For another airline, the optimized program reduced the number of C Checks which yielded a 20% maintenance cost saving per aircraft for the life of each aircraft.
Remaining compliant with ‘one size fits all’ MRB programs requires a significant investment in infrastructure and resources. Underinvestment can lead to overruns. Simplification reduces complexity and costs.
Robust data analysis informs program enhancements and reduces maintenance effort which improves aircraft reliability and availability.
Optimization of all checks reduces the utilization of scarce line and hanger resources and addresses bottlenecks in MRO maintenance execution.
Reductions in maintenance touch time directly reduces human factors risks.
FAA REQUIREMENTS AND EXPECTATIONS
For airlines regulated by the FAA, Advisory Circular No.120-16(X) Air Carrier Maintenance Programs describes the mandated scope and content of an air carrier’s aircraft maintenance programs.
Use of the Original Equipment Manufacturer (OEM)’s MRBR/MPD is mandated for the first year of operation for any new fleet added to an operators OpSpec. One year is specified to collect the minimum data required to support an operator’s Continuing Analysis and Surveillance System (CASS) program which amongst other things, ensures maintenance decisions are driven by a consistent baseline of data.
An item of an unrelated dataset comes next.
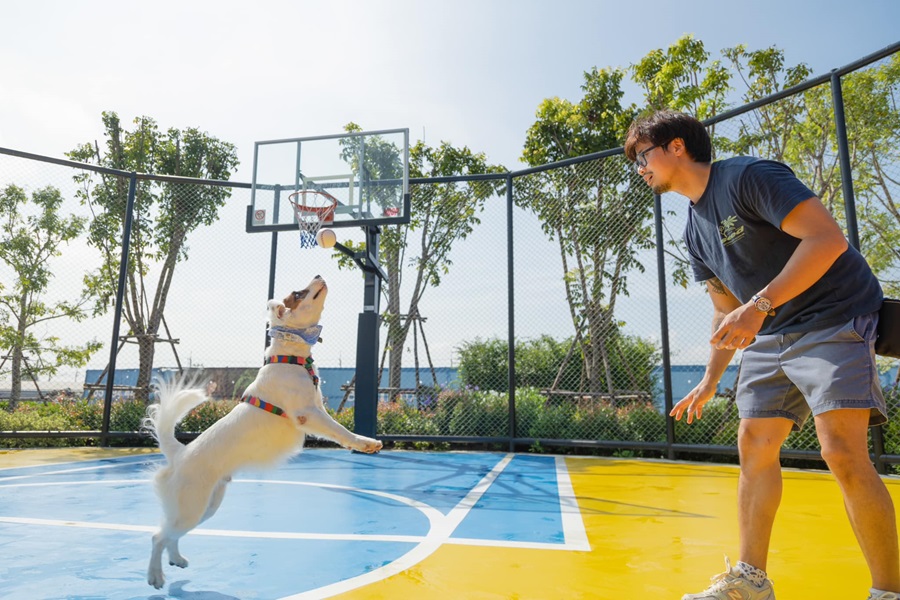 บริทาเนีย-อยุธยา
After one year, AC 120-16(X) Chapter 6 requires an operator to maintain an effective program customized to their unique operation using specific data analysis. This is often misinterpreted as meaning the MRBR/MPD and subsequent revisions are the most effective and optimized program, however, the exact opposite can be true.
…doing more maintenance is not necessarily a good thing as human factors risks are exposed every time maintenance is performed. Doing the right maintenance at the highest optimized effective interval based on a robust data analysis should be an operator’s ultimate goal to flying a safe, reliable and cost-effective fleet.”
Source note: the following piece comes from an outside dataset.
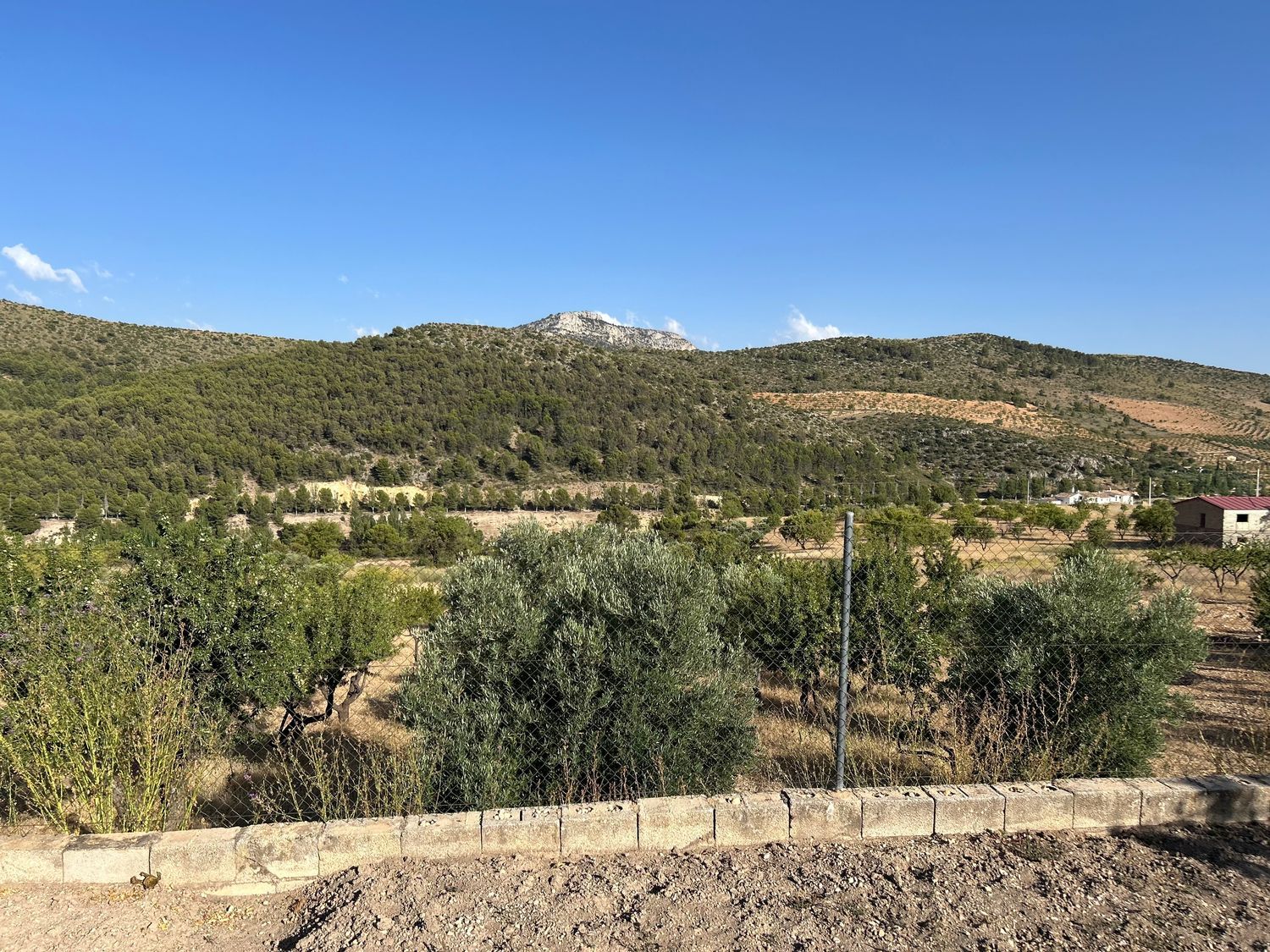 Finca rústica en Molino la parra, 48 - Foto 15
– Federal Aviation Authority (FAA)
The MRBR/MPD is applicable to a fleet operating worldwide and is intentionally designed to support every operator: new airlines with no fleet experience, airlines operating in extreme operational environments, operators without robust regulatory oversight, and sophisticated operators in highly regulated, moderate operational environments – in effect a ‘one size fits all’ approach.
Operators following the MRBR’s intentionally restrictive program requirements will not be optimized to their unique operation and environment.
The FAA explicitly provides for a different philosophy than that which underpins the OEM MRB. Chapter 6 requires U.S. operators analyze their own data and make program changes and employ a customized strategy. It is the operator’s responsibility to effectively package MRBR/MPD tasks and intervals into a program for the full life of their fleet. Customized programs are then reviewed and approved by the FAA.
The distinction between a customized program and an optimized program is important. Customized is defined as ‘modified to suit a particular individual or task’ and mandated by the FAA. Optimized is defined as ‘make the best or most effective use of something’ – an opportunity available only to those who customize. Program optimization is how Maintenance and Engineering can create value.
Continuing to utilize the OEM MRB as the platform for program maintenance beyond year one for a new fleet/aircraft is sometimes justified as “the safe approach” but there is no evidence to suggest optimized programs approved by the FAA are less safe.
HOW CAN AN OPTIMIZED MAINTENANCE PROGRAM HELP YOUR AIRLINE?
The value of an optimized maintenance program to any operator is typically influenced by 5 factors:
- Fleet size
- Fleet configuration
- Fleet utilization
- Operational environment and conditions
- Experience of the Maintenance and Engineering team
The key two key questions for leaders responsible for Planning, Maintenance and Engineering, and Finance are:
1. Does your current maintenance program provide all the flexibility required to fully support flight operations?
2. Do you know if you are doing the right maintenance at the highest effective interval?
If you answered yes to either, your airline stands to benefit and should consider optimizing it’s program.